Red Bear’s clear intention to appear Russian could be a Russian attempt to convince Americans that Russian interference significantly impacted the results of the 2024 U.S. elections. For example, before the 2018 U.S. midterm elections, the Kremlin-linked Internet Research Agency set up a website titled USAIRA[.]ru that claimed “Whether you vote or not, there is no difference as we control the voting and counting systems. Remember, your vote has zero value.” Red Bear could similarly be a Russian attempt to ‘perception hack’ Americans into thinking that Russian interference more significantly impacted U.S. elections than reality suggests.

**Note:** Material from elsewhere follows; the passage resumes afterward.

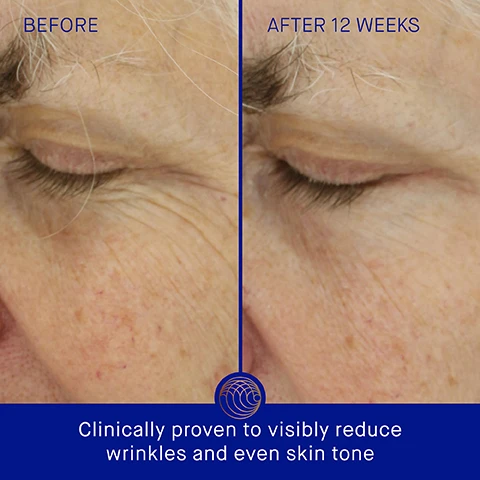 Image 1 - A split image shows skin around an eye before and after treatment with the text BEFORE, AFTER 12 WEEKS, and Clinically proven to visibly reduce wrinkles and even skin tone. Image 2 - Image shows a blue Augustinus Bader The Light Cream bottle next to text reading Clinically Proven Results Skin sebum is reduced by 38% Pores look 54% less noticeable Skin hydration is improved by 3.1x In a 12-week Clinical Trial of 60 m/f, ages 18+ with self-perceived sensitive skin. Image 3 - An image displays two bottles of Augustinus Bader The Light Cream next to a list of user study results which reads: User Proven Results, 99% agree skin looks and feels fresh and hydrated, 96% agree The Light Cream provides immediate and all-day oil control, 93% agree the appearance of pores is immediately minimized, AB Augustinus Bader, The Light Cream With TFC8, La Creme Hydratante Legere Avec TFC8, 30 ml e, 1 fl. oz., *In a 12-week Consumer Perception Study of 105 m/f, ages 18+ with self-preceived sensitive skin. Image 4 - A blue bottle of Augustinus Bader The Light Cream is shown against a blue background with white circles alongside text describing its features and ingredients: TFC8 A proprietary technology that creates the optimal environment for skin cellular renewal AB Augustinus Bader THE LIGHT CREAM WITH TFC8 LA CRÈME HYDRATANTE LÉGÈRE AVEC TFC8 30 ml e 1 fl. oz. AUSTRALIAN LEMON MYRTLE EXTRACT Balances sebum levels, reducing appearance of shine BAOBAB LEAF EXTRACT Improves elasticity, tone and appearance of wrinkles CALMING DUO Calms irritation and redness. Image 5 - A comparison chart shows Augustinus Bader The Light Cream with texture Ultra-lightweight daily moisturizer key benefits Mattifying & Balancing key concerns Oil, pores, redness, irritation, dryness ideal for Oily skin, or humid, congested climates; The Cream with texture A lightweight daily moisturizer key benefits Hydrating & Revitalizing key concerns Dryness, dark spots, blemishes, dullness, fine lines & wrinkles ideal for Combination to oily skin; and The Rich Cream with texture A luxuriously rich daily moisturizer key benefits Nourishing & Renewing key concerns Dryness, fine lines & wrinkles, loss of firmness & elasticity, uneven texture, dark spots ideal for Normal to dry skin. Image 6 - A visual guide showing 5 steps for using skincare products titled How to Use, with text listing step 1 Cleanse THE CREAM CLEANSING GEL / THE CLEANSING BALM, step 2 Tone & Exfoliate THE ESSENCE, step 3 Correct & Illuminate THE SERUM, step 4 Balance & Hydrate THE LIGHT CREAM, and step 5 Revitalize & Refresh THE EYE CREAM, each step featuring product images.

Red Bear also could be a false flag operation meant to appear Russian. For example, the hacktivist group Hunt3r Kill3rs claims to be Russian but is likely Iranian. It is difficult, however, to imagine Iranian threat actors being sophisticated enough to occasionally omit articles to imitate how a Slavic-speaking person would write in English. A domestic actor in the U.S. could also have created Red Bear as a false flag to cast doubt on the integrity of the elections. However, this is highly unlikely, as there is no precedent for American citizens launching foreign false flag influence operations of this nature targeting other Americans.
It is difficult to confidently attribute Red Bear with the available open source information. Red Bear has no obvious operational security slips revealing the identity of its operators. The timing of Red Bear’s activity on messaging platforms and social media does not clearly align with the waking or business hours of Russia, Iran, China, or another U.S. adversary. Nor has Red Bear set up its own domain, which might provide more technical indicators to investigate.
We welcome any input from the research community that might aid attribution. Moreover, the platforms that Red Bear uses might want to conduct their own investigations, as they might have access to internal data such as registrant emails that can aid attribution. Lastly, considering that Red Bear has spread suspect claims of hacking election infrastructure that have gained traction, the U.S. government might want to look into it to determine whether a nation-state was involved in this activity.